Captioned web images:
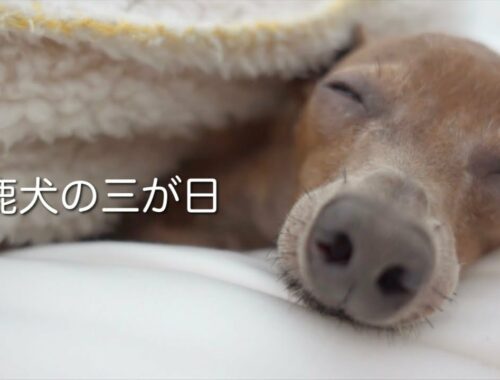 寝正月だけじゃない、ヤル気みなぎる子鹿犬の三が日【ミニピン／元保護犬】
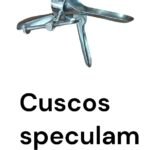 Cuscos speculam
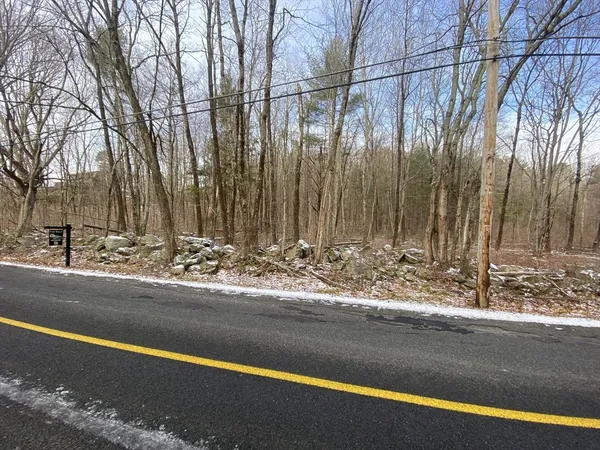 a view of a dry yard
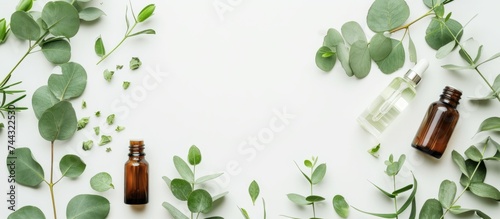 Lush Green Eucalyptus Leaves Background for Natural Wellness and Aromatherapy Concepts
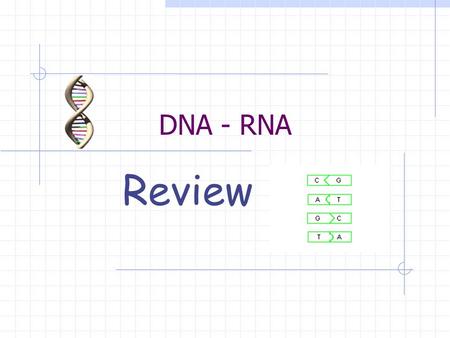 DNA - RNA Review. DNA What is the abbreviation for deoxyribonucleic acid ?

▶ **Prompt**
Could you print all of the entries above exactly as written, minus the pictures?

▶ **Task answer**
 寝正月だけじゃない、ヤル気みなぎる子鹿犬の三が日【ミニピン／元保護犬】
 Cuscos speculam
 a view of a dry yard
 Lush Green Eucalyptus Leaves Background for Natural Wellness and Aromatherapy Concepts
 DNA - RNA Review. DNA What is the abbreviation for deoxyribonucleic acid ?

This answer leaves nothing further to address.